» **Task requirements**
The answer is every line of the records that holds the word "Shirt", copied in full.

-------- Data to use

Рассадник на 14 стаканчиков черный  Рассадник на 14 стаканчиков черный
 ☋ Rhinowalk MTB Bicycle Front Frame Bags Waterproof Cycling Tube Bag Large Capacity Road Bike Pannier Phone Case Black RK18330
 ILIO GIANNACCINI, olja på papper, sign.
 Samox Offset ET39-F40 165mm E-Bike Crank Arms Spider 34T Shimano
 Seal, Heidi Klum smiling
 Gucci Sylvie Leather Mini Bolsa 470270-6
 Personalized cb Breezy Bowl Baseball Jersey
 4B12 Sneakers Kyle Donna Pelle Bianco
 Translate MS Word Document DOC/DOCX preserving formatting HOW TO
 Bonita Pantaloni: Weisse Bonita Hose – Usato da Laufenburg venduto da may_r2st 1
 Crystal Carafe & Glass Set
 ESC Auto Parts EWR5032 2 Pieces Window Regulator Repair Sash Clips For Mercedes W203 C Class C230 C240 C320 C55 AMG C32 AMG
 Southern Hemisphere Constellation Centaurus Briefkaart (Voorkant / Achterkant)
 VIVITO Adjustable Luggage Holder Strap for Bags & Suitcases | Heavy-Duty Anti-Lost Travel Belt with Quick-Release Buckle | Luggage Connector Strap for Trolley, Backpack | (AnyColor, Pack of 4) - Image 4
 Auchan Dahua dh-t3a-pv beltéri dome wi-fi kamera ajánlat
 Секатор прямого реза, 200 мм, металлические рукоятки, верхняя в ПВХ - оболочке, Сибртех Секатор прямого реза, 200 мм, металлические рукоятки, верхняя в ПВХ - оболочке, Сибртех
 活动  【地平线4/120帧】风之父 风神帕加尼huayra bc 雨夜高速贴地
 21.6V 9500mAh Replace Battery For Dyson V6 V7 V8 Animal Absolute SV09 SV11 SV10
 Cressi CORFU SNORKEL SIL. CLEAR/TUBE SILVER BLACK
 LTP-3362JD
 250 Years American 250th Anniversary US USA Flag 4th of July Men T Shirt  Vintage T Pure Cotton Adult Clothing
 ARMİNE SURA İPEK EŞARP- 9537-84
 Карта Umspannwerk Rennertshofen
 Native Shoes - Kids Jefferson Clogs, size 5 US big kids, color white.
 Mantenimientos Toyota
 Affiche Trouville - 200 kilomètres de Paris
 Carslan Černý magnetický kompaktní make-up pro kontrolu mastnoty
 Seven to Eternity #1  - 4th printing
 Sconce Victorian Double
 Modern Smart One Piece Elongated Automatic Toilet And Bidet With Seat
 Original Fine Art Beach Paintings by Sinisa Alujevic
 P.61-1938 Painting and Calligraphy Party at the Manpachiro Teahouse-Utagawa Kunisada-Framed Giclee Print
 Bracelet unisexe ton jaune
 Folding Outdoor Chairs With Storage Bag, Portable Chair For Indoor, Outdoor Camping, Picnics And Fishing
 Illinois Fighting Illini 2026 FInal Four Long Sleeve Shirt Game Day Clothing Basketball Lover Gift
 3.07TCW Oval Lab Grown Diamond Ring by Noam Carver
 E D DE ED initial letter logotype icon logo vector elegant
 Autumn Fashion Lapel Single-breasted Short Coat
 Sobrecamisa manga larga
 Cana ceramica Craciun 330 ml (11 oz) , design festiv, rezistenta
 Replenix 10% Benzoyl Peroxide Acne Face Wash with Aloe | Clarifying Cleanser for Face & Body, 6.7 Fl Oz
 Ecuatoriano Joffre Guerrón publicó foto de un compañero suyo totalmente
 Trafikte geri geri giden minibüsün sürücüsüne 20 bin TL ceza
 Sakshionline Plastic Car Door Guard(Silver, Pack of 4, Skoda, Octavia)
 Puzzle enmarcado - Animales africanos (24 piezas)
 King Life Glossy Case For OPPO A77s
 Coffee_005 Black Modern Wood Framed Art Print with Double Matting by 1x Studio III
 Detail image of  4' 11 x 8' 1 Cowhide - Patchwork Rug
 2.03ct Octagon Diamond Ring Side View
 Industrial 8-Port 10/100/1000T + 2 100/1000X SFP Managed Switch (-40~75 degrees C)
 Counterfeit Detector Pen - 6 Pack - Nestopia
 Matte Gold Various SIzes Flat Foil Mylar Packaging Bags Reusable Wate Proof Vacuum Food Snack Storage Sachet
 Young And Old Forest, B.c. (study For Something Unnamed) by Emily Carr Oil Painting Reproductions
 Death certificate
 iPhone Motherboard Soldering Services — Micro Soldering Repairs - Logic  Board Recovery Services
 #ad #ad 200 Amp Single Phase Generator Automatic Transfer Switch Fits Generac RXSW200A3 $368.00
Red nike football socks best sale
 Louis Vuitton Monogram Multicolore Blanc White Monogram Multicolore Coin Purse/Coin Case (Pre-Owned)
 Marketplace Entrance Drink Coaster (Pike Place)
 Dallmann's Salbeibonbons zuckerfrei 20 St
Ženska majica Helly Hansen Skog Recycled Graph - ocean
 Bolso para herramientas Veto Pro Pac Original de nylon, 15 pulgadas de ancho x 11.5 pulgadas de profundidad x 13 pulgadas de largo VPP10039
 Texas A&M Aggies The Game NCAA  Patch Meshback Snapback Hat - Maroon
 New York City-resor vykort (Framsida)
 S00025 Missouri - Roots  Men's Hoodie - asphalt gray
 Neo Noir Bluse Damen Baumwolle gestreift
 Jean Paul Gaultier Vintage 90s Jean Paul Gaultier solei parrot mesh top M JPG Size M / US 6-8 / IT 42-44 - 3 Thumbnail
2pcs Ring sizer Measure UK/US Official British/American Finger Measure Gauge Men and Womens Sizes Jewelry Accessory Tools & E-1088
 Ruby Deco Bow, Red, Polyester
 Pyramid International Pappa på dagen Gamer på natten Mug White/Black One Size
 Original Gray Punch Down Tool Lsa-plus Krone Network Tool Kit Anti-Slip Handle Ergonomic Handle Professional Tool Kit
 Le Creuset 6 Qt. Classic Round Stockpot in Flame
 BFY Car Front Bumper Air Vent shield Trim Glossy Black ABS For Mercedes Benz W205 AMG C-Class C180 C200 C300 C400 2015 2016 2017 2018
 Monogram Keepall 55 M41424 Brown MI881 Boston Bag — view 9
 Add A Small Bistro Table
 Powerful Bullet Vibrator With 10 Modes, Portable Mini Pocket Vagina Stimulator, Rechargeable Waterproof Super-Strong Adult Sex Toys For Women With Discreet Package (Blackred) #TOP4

----------------

» **Your response**
 250 Years American 250th Anniversary US USA Flag 4th of July Men T Shirt  Vintage T Pure Cotton Adult Clothing
 Illinois Fighting Illini 2026 FInal Four Long Sleeve Shirt Game Day Clothing Basketball Lover Gift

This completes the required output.